[Start of section]

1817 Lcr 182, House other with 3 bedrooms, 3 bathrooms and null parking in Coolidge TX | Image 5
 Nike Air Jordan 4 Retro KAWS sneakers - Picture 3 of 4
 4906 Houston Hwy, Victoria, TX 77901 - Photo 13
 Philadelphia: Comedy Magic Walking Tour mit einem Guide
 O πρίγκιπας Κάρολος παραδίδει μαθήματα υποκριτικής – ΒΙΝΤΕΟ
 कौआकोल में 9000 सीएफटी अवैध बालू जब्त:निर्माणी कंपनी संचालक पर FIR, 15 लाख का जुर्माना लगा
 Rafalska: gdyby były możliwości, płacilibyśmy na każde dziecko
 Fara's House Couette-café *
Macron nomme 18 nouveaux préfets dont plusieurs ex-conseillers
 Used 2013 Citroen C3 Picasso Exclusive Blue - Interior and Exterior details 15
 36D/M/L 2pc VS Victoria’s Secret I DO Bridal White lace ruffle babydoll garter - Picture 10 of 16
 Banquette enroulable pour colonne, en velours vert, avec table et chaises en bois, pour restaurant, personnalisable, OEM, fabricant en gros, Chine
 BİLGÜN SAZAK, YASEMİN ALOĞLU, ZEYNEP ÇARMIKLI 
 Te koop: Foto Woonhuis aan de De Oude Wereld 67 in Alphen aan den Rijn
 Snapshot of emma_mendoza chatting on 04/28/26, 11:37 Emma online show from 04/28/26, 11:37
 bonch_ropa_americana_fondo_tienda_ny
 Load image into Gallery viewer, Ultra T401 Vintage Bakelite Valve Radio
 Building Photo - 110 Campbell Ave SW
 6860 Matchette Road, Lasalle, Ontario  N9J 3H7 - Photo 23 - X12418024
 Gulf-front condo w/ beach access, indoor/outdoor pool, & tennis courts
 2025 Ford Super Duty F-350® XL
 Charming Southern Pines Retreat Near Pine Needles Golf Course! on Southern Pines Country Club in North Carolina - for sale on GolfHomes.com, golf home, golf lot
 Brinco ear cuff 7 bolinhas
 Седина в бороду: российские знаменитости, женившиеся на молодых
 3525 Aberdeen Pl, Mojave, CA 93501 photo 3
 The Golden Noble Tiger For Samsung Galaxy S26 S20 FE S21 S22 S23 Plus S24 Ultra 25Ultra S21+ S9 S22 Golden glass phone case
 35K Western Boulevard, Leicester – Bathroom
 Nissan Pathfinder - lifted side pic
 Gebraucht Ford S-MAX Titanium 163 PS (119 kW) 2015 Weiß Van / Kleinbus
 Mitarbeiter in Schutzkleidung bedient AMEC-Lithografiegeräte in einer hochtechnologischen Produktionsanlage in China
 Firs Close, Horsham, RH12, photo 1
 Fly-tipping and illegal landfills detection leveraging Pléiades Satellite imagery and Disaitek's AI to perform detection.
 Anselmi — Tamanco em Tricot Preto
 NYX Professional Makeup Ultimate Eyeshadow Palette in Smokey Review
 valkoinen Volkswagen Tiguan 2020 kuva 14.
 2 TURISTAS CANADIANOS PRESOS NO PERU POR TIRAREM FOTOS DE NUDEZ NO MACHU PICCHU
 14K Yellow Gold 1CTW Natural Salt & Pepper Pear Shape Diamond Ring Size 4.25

[End of section]

▶ _WORK ORDER_:
Going through the listing, tally each line that contains "Ford", then state the total with no other text.

▶ _OUTPUT BELOW_:
2